Globalia is een samenleving die zich afspeelt onder een grote
globe of koepel, waar de temperatuur altijd constant is, de
lucht is er dank zij speciale luchtkanonnen steeds azuurblauw,
men eet er voorverpakte pasta’s, beschikt over de meest perfecte
communicatiemiddelen. Iedereen leeft heel fit en gezond en
wordt zeer oud, want elk orgaan dat wat slijtage vertoont
wordt vervangen. Vrijheid is een absoluut basisgegeven, maar
natuurlijk opdat die vrijheid gehandhaafd zou blijven is veel
controle nodig. Godsdienst is erg verdacht, want dat geeft
mensen een religieuze identiteit zodat ze zich misschien afzonderen
of zich keren tegen deze liberale staat. Op een dag lopen
de inwoners vrolijk door de straat, want het is het feest
van de kat, een feest dat Kerstmis moet vervangen. Naast godsdienst
is ook geschiedenis gevaarlijk, want men gaat dan zoeken naar
zijn wortels en culturele identiteit. Kinderen en jongeren
zijn niet gewenst. Abortus is de regel zodat een nieuwe geboorte
eerder als iets subversief wordt gezien. Wist u trouwens dat
op dit ogenblik in de USA hele wijken en suburbs bestaan waar
kinderen en jongeren ongewenst zijn? Repressie bestaat in
principe niet in Globalia. Politie en gevangenisbewakers zijn
vervangen door psychologen die vriendelijk en begrijpend zoeken
naar de oorzaak van deviant gedrag en vervolgens iemand weer
op de rechte weg zetten. Er is wel één probleem: regelmatig
vallen er bomaanslagen te betreuren. Om zich te beveiligen
heeft men daarom een nul-zone rond de globe geschapen. Regelmatig
worden daar bombardementen uitgevoerd om mogelijke terroristen
af te schrikken. Onmiddellijk daarna lopen alle armen naar
die plek, want ze weten dat dan de helikopters verschijnen
met voedsel voor de getroffen bevolking. De hoofdfiguur tracht
eerst te ontsnappen, maar wordt na opgepakt te zijn weer vrijgelaten
in de buitenzone en vervolgens ervan beschuldigd het hoofdbrein
te zijn achter de aanslagen. Zo heeft men een herkenbare zondebok.

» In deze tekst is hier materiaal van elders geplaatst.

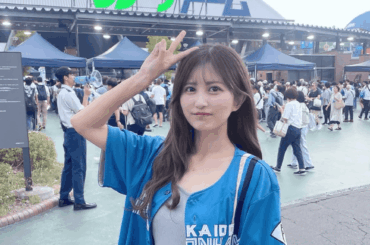 元アイドル・金澤有希、ベルーナドームで日本ハムファイターズを全力応援！ | 話題の投稿 | スポーツブル (スポブル)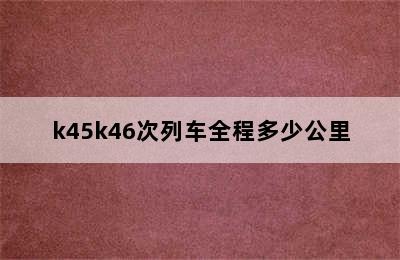 k45k46次列车全程多少公里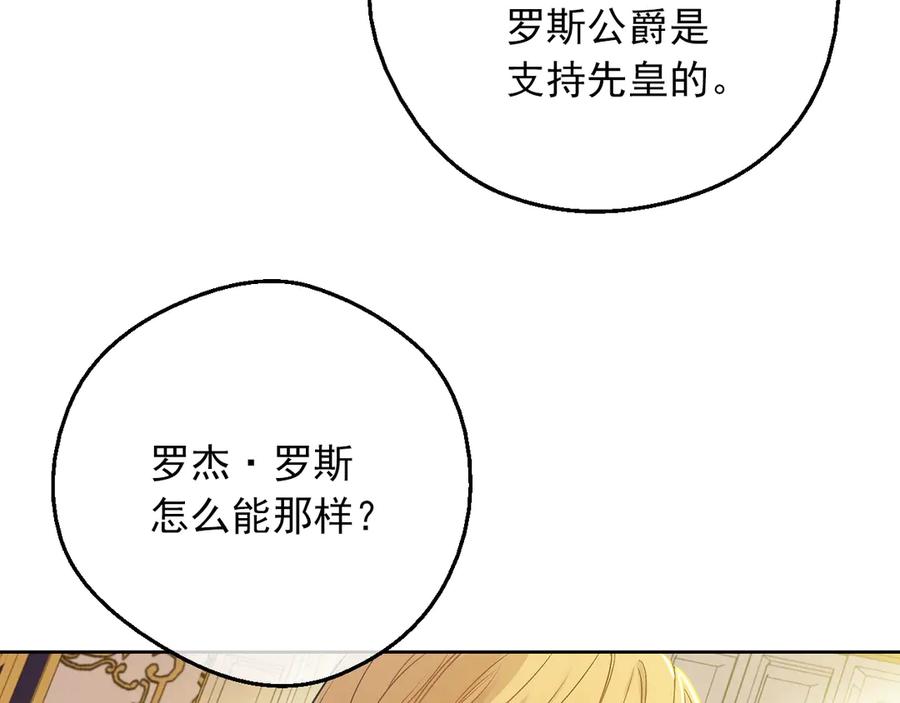 某天成为公主 第9话 难以置信的真相 第10页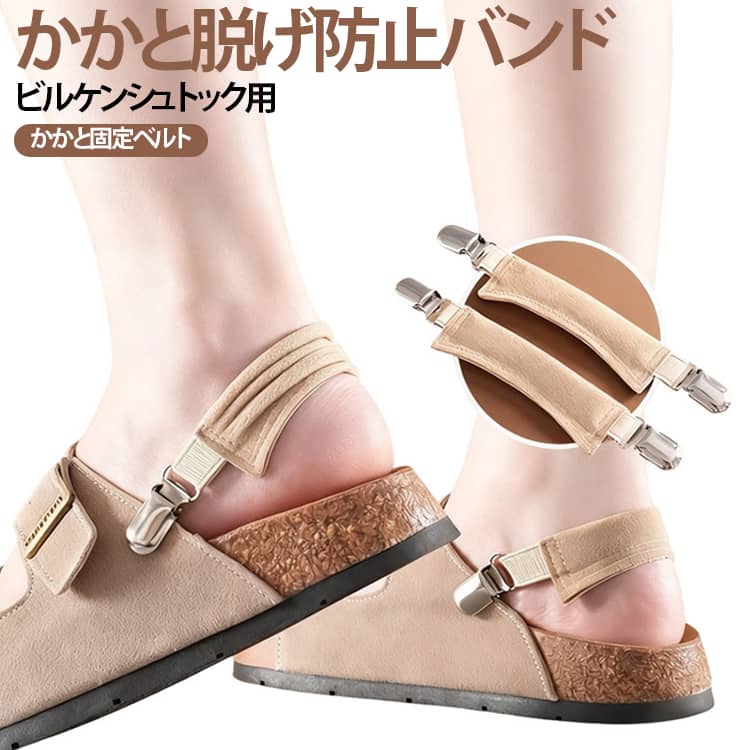 ビルケンシュトックなどのサンダルに簡単装着できる、かかと脱げ防止ストラップです。工具不要でクリップを挟むだけの簡単取り付け。サンダルのフィット感を高め、歩行時のかかと浮きや脱げを防ぎます。ダブルロック構造を採用し、しっかり固定できるためズレにくく、安心して歩くことができます。クリップ内側には柔らかい保護素材を採用し、靴を傷つけにくく跡が残りにくい仕様です。伸縮性のあるゴムバンドが足首にやさしくフィットし、締め付け感を抑えながら快適な履き心地を実現します。足首に沿うカーブデザインで自然にフィットし、長時間の着用でも快適に使用できます。高耐久のゴム素材を採用し、繰り返し使用しても変形しにくく、日常使いにも適しています。サンダル、クロッグサンダル、ビルケンタイプのシューズなど、さまざまな靴のかかと脱げ対策におすすめです。 サイズ かかと脱げ防止バンド サイズについての説明 17.5x3cm※サイズ表の実寸法は商品によって1-3cm程度の誤差がある場合がございます。 素材 PUレザー 色 ベージュ ブラウン ブラック 備考 ●サイズ詳細等の測り方はスタッフ間で統一、徹底はしておりますが、実寸は商品によって若干の誤差(1cm～3cm )がある場合がございますので、予めご了承ください。 ●製造ロットにより、細部形状の違いや、同色でも色味に多少の誤差が生じます。 ●パッケージは改良のため予告なく仕様を変更する場合があります。 ▼商品の色は、撮影時の光や、お客様のモニターの色具合などにより、実際の商品と異なる場合がございます。あらかじめ、ご了承ください。 ▼生地の特性上、やや匂いが強く感じられるものもございます。数日のご使用や陰干しなどで気になる匂いはほとんど感じられなくなります。 ▼同じ商品でも生産時期により形やサイズ、カラーに多少の誤差が生じる場合もございます。 ▼他店舗でも在庫を共有して販売をしている為、受注後欠品となる場合もございます。予め、ご了承お願い申し上げます。 ▼出荷前に全て検品を行っておりますが、万が一商品に不具合があった場合は、お問い合わせフォームまたはメールよりご連絡頂けます様お願い申し上げます。速やかに対応致しますのでご安心ください。
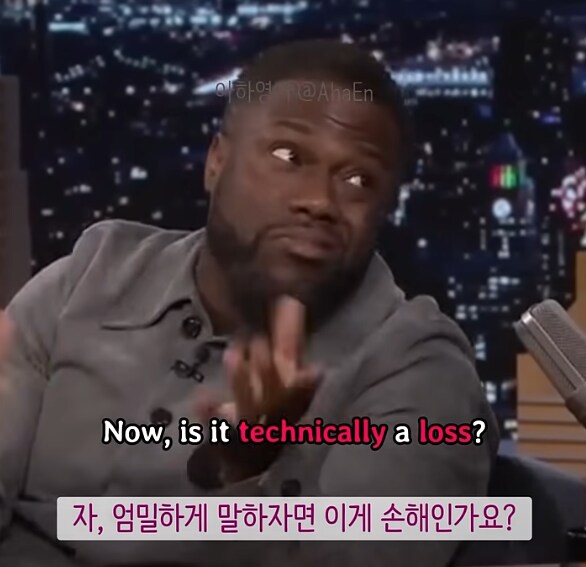 고릴라는 싸움에서 지면 무엇을 잃는가.._10.png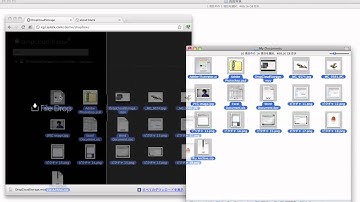 DropCloudStorage HTML5 FileAPI and Drag&Drop API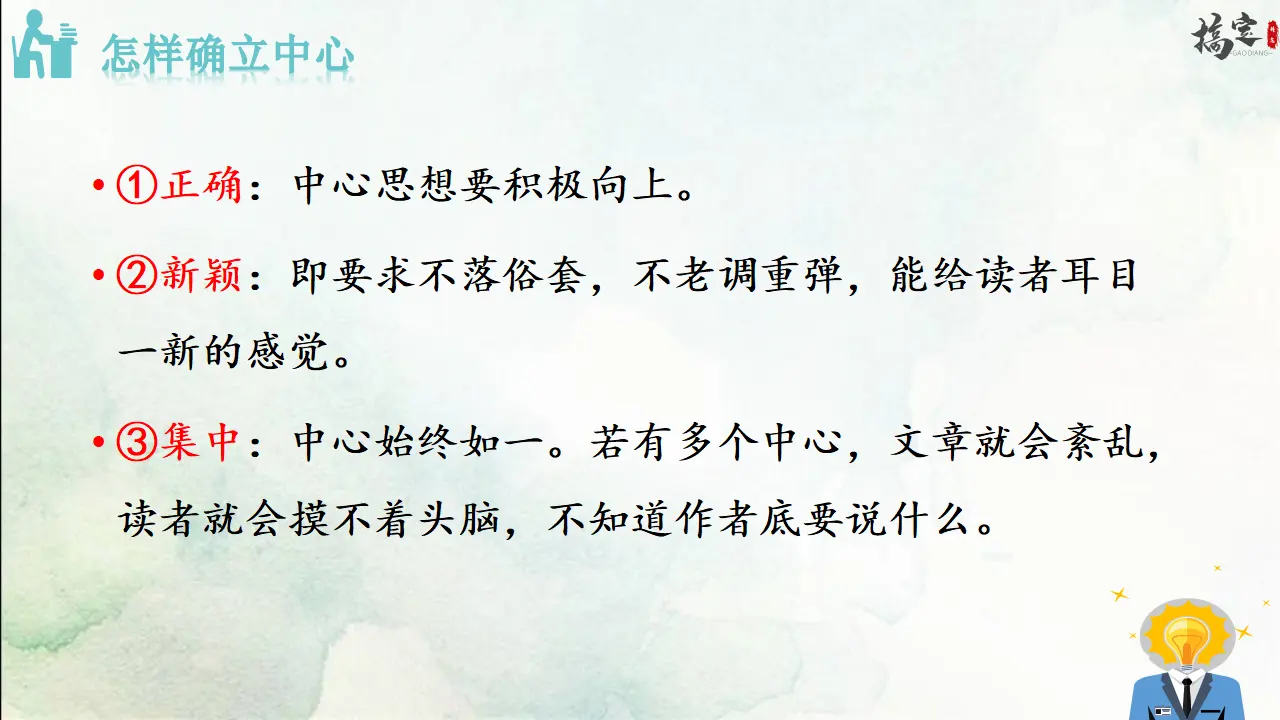 写作 怎样选材（课件3）_05.webp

Toen ik dit boek las dacht ik: dat sluit prachtig aan bij
alles waar we in deze Advent mee bezig waren en wat we vieren
met Kerstmis. In de Advent stonden we vier zondagen stil bij
de vraag: wat geven we door aan de volgende generatie(s)?
Welke waarden, welke wereldbeschouwing reiken we hen aan?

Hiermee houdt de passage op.